08 May 2007

Silhouette Clone: Part 3

Impromptu

Previously, we created a Subversion repository and automatically populated it with data from a directory which was shared over the network. This allowed users to work on the share while automated processes on the server stored versioned copies of the directory for later access. Now we will provide point-in-time recovery options for files in our repository without making users install and use a Subversion client.

Subversion repositories can be accessed over the network via WebDAV by means of special Apache HTTPD modules. The problem with this approach is that old versions aren't accessible using this method. Even after employing simple workarounds to present users with a prior versions, users would still have two places to look for data: the actual network share and a the URL of the WebDAV interface to the repository.

We can get around this by using WebDAV to serve up the Subversion repository and then re-sharing the WebDAV resource using the same protocols we shared the original network share with. Confused? Follow along.

The first thing we need to do is implement point-in-time tags in our Subversion repository. Subversion can copy files from one location in the repository to another without duplicating the file data. This means we can implement tags by simply copying files! For minimal impact, we will perform this copy entirely within the repository.

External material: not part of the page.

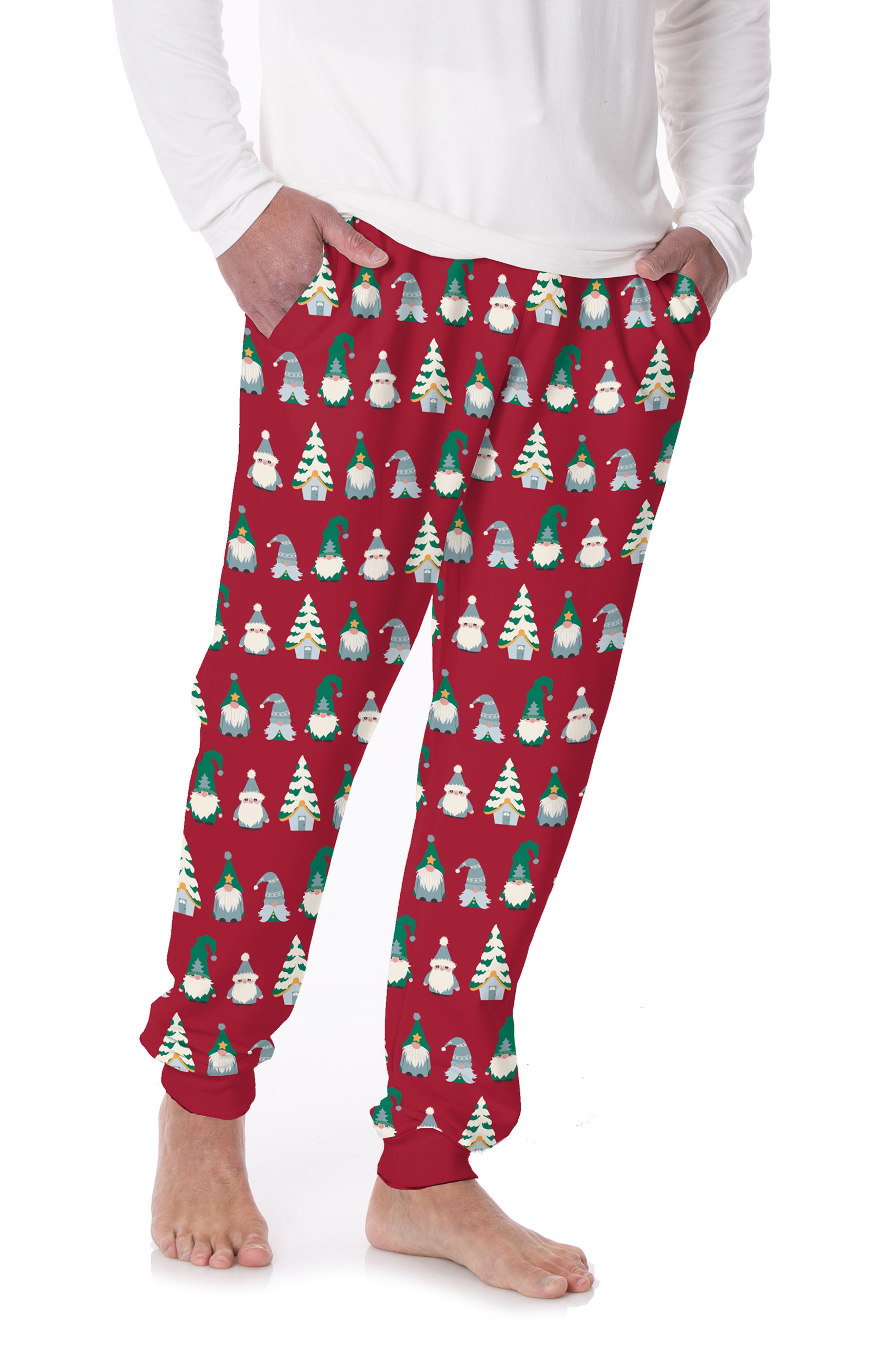 KicKee Pants Holiday Print Fleece Performance Joggers in Crimson Gnomes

Commonly, Subversion repositories have a trunk/ or head/ directory where most of the work happens. We will also add a point-in-time/ directory to store our point-in-time copies. An easy way to create these directories is to use the svn mkdir command on our repository.

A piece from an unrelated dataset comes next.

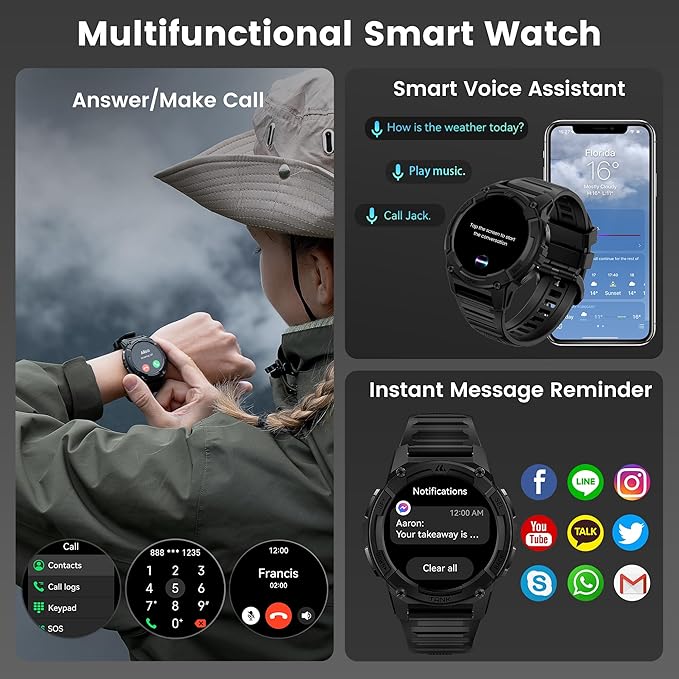 KOSPET Tank S2 Smart Watch for Men Women GPS, 5ATM Waterproof, Pressure/Altitude/Compass, 1.32" AMOLED Display Fitness Tracker(Answer/Make Call), AI Voice Assistant, 24H Sleep/Hear Rate Monitor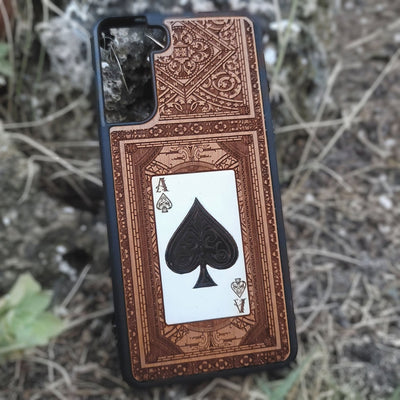 Engraved and painted Ace of Spades wood phone case for iPhone and Galaxy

$ svn mkdir /path/to/repository/head -m "Created head/"
$ svn mkdir /path/to/repository/point-in-time -m "Created /point-in-time/"


Note the use of the -m option to specify a commit message. We are performing operations directly on the repository and are therefore creating new revisions of it. Subversion demands you leave a message (even an empty one) when creating a new revision.

Now that we are using a head/ directory, all of our day-to-day work should be performed there. Users do not need to be aware of the head/ directory at this point so we will simply pretend that head/ is the root of our repository.

$ svn checkout /path/to/repository/head /path/to/working/copy


Any changes to the working copy will be committed to the head/ directory in our repository transparently.

Now that we have a repository and working copy set up to utilize a head/ directory, we can continue as we did in parts 1 and 2 to enable automatic commits. From this point, implementing point-in-time copies is quick and easy. A simple shell script to copy head/ to a subdirectory of point-in-time/ at regular intervals will get the job done.

#!/bin/bash
svn copy file:///path/to/repository/head "file:///path/to/repository/snapshots/`date +%F\ %T`" -m "Point-in-time marker added"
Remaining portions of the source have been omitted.